Após ter sido ameaçada de morte pelos líderes do tráfico de droga no Morro da Barão, favela do Rio de Janeiro onde foi violada por cerca de 30 homens a 21 de maio, a adolescente de 16 anos vai mudar de nome e de estado, ao abrigo do programa de proteção à testemunha. Segundo o secretário estadual de Assistência Social e de Direitos Humanos do Rio, a jovem está tão assustada que se dispõe a viver sem computador nem telemóvel para que os traficantes não a possam localizar.

"Fiquei estupefacto com a maturidade e a tranquilidade dela, pediu para falar comigo sozinha, sem a presença da avó, que costuma acompanhá-la, e mostrou-se inteligente, articulada e madura mas está assustada porque recebeu ameaças de traficantes e estava com pressa de ir embora do Rio para outro estado", disse o secretário Paulo Melo. Além da adolescente, também os pais, a avó, o irmão, de 6 anos, e o filho, de 3, devem abandonar a casa onde vivem por estarem sob ameaça. "O perigo de morte é real", disse Melo.

O líder do tráfico no Morro da Barão, favela da região São José Operário, a oeste do Rio de Janeiro, é o temido Marreta, alcunha de Luiz Machado Gomes. Mesmo preso na cadeia federal de Porto Velho, a 3500 quilómetros do Rio, desde que foi detido no Paraguai em 2014, Marreta, que colidera o grupo criminoso nacional Comando Vermelho, controla os seus homens.

O seu representante no local, Sérgio Luiz da Silva Júnior, chamado Da Russa, é um dos sete acusados do crime e continua foragido. Segundo testemunhas, Marreta decretou a morte da adolescente por ela ter dado má publicidade ao Morro da Barão e com isso alertado a polícia para as atividades dos traficantes. A jovem teme ser queimada vida, a punição mais comum do gangue, disse uma testemunha que acompanhou o seu depoimento.

A família da adolescente mora em Taquara, uma área de classe média, mas ela tinha por hábito frequentar bailes funk no Morro da Barão, a seis quilómetros, porque antes vivera noutra região do Rio que era dominada pelos hoje chefes do morro. Bonita, segundo conhecidos, destacava-se no bairro e acabou por engravidar aos 13, apesar de o pai a impedir de sair de casa.

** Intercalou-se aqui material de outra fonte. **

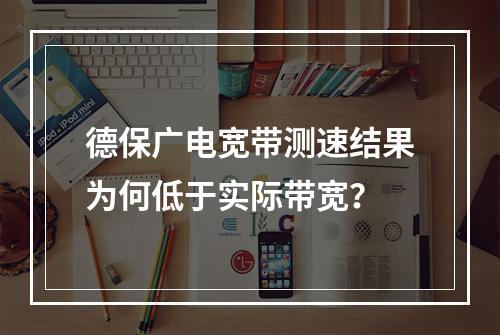德保广电宽带测速结果为何低于实际带宽？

Na noite do crime, encontrou num baile funk Lucas Santos, conhecido como Luquinhas no Boa Vista, clube de futebol onde atua, com quem mantinha um relacionamento sem compromisso. Depois terá ido para casa dele e só se lembra de acordar noutra casa, dopada, nua e cercada por 33 homens armados. Lucas foi detido na segunda--feira à noite quando falava a um canal desportivo. Depois de no dia seguinte pedir satisfações ao chefe local Da Russa, que também a terá violado, e de saber que circulava um vídeo na internet, decidiu queixar-se à polícia. Alessandro Thiers, delegado que se ocupou do caso, foi afastado por supostamente ter intimidado a adolescente durante o interrogatório. Em conversas privadas no WhatsApp, Thiers confidenciou a amigos que não acredita na versão da vítima. A sua substituta, a delegada Cristiana Bento, já confirmou a existência de uma violação. "Falta apurar a extensão", disse.

Já o governo liderado pelo presidente interino Michel Temer, do PMDB, foi criticado por demorar a reagir ao caso. Por isso, na terça-feira à noite, lançou um programa, por enquanto sem prazo nem orçamento, de proteção às mulheres, com pontos como a criação de um cadastro nacional e agravamento das penas em caso de violação coletiva. Mas com o nome da nova Secretaria de Políticas para Mulheres as críticas voltaram em força: a socióloga Fátima Pelaes, amiga pessoal de Temer e ex-deputada do PMDB, é evangélica e contrária ao aborto mesmo em caso de violação. Numa sessão da Câmara dos Deputados, Pelaes chegou a afirmar que nasceu de uma violação sofrida pela mãe numa penitenciária, onde cumpria pena por crime passional.